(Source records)
╭──
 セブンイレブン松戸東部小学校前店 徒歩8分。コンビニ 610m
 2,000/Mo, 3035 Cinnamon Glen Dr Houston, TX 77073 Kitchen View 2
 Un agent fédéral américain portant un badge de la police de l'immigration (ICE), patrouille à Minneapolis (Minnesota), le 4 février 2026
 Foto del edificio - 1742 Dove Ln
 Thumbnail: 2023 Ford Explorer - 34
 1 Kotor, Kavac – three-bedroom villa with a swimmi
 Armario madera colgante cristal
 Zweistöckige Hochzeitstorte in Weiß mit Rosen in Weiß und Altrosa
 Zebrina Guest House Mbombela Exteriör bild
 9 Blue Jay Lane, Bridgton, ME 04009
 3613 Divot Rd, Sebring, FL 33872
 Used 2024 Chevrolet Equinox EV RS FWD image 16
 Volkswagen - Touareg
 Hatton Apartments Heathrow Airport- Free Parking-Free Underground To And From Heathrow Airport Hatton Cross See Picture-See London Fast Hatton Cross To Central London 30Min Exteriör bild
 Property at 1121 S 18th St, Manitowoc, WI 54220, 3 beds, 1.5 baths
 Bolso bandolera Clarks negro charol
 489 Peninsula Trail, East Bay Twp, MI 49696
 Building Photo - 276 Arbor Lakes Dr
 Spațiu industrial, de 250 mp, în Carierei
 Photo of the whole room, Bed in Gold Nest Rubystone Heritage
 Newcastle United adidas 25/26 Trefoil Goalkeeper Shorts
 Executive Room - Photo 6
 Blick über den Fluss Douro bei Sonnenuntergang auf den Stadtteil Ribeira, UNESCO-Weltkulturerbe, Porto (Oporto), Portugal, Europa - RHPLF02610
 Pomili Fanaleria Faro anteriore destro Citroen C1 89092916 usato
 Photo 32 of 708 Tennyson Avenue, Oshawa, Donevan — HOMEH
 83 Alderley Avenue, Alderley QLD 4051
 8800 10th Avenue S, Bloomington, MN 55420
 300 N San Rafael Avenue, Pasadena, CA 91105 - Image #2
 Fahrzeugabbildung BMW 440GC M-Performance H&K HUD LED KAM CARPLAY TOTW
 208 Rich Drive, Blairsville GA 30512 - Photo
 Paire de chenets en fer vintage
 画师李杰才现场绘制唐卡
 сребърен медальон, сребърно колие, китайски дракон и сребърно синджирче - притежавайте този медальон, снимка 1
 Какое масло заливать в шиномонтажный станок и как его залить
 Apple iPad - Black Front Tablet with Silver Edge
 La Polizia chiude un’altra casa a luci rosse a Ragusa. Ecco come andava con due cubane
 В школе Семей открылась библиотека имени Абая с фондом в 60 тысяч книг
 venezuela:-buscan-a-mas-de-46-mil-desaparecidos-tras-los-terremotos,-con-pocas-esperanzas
╰──
HOW TO COMPLETE THIS TASK »
Nothing should be omitted or altered. Retype the records exactly.

ANSWER »
 セブンイレブン松戸東部小学校前店 徒歩8分。コンビニ 610m
 2,000/Mo, 3035 Cinnamon Glen Dr Houston, TX 77073 Kitchen View 2
 Un agent fédéral américain portant un badge de la police de l'immigration (ICE), patrouille à Minneapolis (Minnesota), le 4 février 2026
 Foto del edificio - 1742 Dove Ln
 Thumbnail: 2023 Ford Explorer - 34
 1 Kotor, Kavac – three-bedroom villa with a swimmi
 Armario madera colgante cristal
 Zweistöckige Hochzeitstorte in Weiß mit Rosen in Weiß und Altrosa
 Zebrina Guest House Mbombela Exteriör bild
 9 Blue Jay Lane, Bridgton, ME 04009
 3613 Divot Rd, Sebring, FL 33872
 Used 2024 Chevrolet Equinox EV RS FWD image 16
 Volkswagen - Touareg
 Hatton Apartments Heathrow Airport- Free Parking-Free Underground To And From Heathrow Airport Hatton Cross See Picture-See London Fast Hatton Cross To Central London 30Min Exteriör bild
 Property at 1121 S 18th St, Manitowoc, WI 54220, 3 beds, 1.5 baths
 Bolso bandolera Clarks negro charol
 489 Peninsula Trail, East Bay Twp, MI 49696
 Building Photo - 276 Arbor Lakes Dr
 Spațiu industrial, de 250 mp, în Carierei
 Photo of the whole room, Bed in Gold Nest Rubystone Heritage
 Newcastle United adidas 25/26 Trefoil Goalkeeper Shorts
 Executive Room - Photo 6
 Blick über den Fluss Douro bei Sonnenuntergang auf den Stadtteil Ribeira, UNESCO-Weltkulturerbe, Porto (Oporto), Portugal, Europa - RHPLF02610
 Pomili Fanaleria Faro anteriore destro Citroen C1 89092916 usato
 Photo 32 of 708 Tennyson Avenue, Oshawa, Donevan — HOMEH
 83 Alderley Avenue, Alderley QLD 4051
 8800 10th Avenue S, Bloomington, MN 55420
 300 N San Rafael Avenue, Pasadena, CA 91105 - Image #2
 Fahrzeugabbildung BMW 440GC M-Performance H&K HUD LED KAM CARPLAY TOTW
 208 Rich Drive, Blairsville GA 30512 - Photo
 Paire de chenets en fer vintage
 画师李杰才现场绘制唐卡
 сребърен медальон, сребърно колие, китайски дракон и сребърно синджирче - притежавайте този медальон, снимка 1
 Какое масло заливать в шиномонтажный станок и как его залить
 Apple iPad - Black Front Tablet with Silver Edge
 La Polizia chiude un’altra casa a luci rosse a Ragusa. Ecco come andava con due cubane
 В школе Семей открылась библиотека имени Абая с фондом в 60 тысяч книг
 venezuela:-buscan-a-mas-de-46-mil-desaparecidos-tras-los-terremotos,-con-pocas-esperanzas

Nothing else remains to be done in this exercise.